Now that I got that off my chest, “Hurt” is an amazing, haunting effort. Truthfully there isn’t a lot to be critical of when it comes to this track. No line is wasted; no note is unneeded. It doesn’t overstay its welcome, and the final notes will carve their way into your psyche without mercy.
(Lost Highway soundtrack, 1997)
There’s a decent chance I’ll get drawn and quartered for including this, especially when you consider me ranking it ahead of NIN staples like “Head Like a Hole” and “Hurt”. Even Reznor hates the thing (to this day it has not been played live).

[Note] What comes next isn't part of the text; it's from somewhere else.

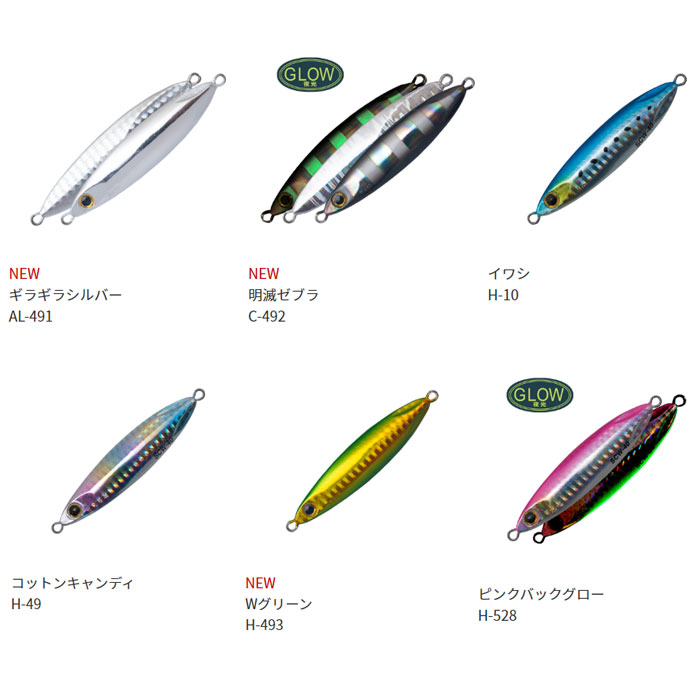 PALMS 【全14色】パームス スローブラットキャスト ワイド SCW-60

But if you ignore the overly dramatic video, and Trent’s damning analysis, I still maintain it represents a totally mutant and adventurous track that doesn’t adhere to the unwritten “rules” of so many previous NIN efforts previous to this. The stop-start chorus sounds like nothing else in their catalogue, and the drum ‘n bass focus really works within the context of what he’s trying to do here.
“The Perfect Drug” is his bastard soundtrack son he wants to disown, and while he may despise it, I really believe it represents a very fleeting period in his life where he was OK with doing something drastically different with the NIN moniker. It doesn’t sound like NIN—and by extension, it doesn’t sound like Reznor—but to me that’s a good thing.
(Year Zero, 2007)
This will be the last inclusion off Year Zero. I don’t feel any of the tracks on that record could be justified being included in the top ten of NIN’s all-time best songs. Having said that, as a conceptual record it works really brilliantly, but the songs sort of depend on each other, like in any good concept album. As a result of this, I feel I’m being pretty generous putting “My Violent Heart” at number 11.
To me, there is a lot of good material on Year Zero, but “My Violent Heart” represents the first real moment since The Fragile where Reznor sounds supremely confident he can still fuck up a studio with the best of them. It’s impossible to hear the searing chorus and not be reminded why NIN was so quick to enter our hearts years ago: unrelenting aural pressure accompanied by “On hands and knees we crawl / You cannot stop us all / Our bones, our skin / We will not let you in!” Oh man. At that moment I was sold that he was still one of the best sonic architects working today, and not just some guy now content to spend his days writing songs on a laptop. That stern reminder made a real impression on me, and was probably the last NIN song released that was fueled purely by such effective vitriol.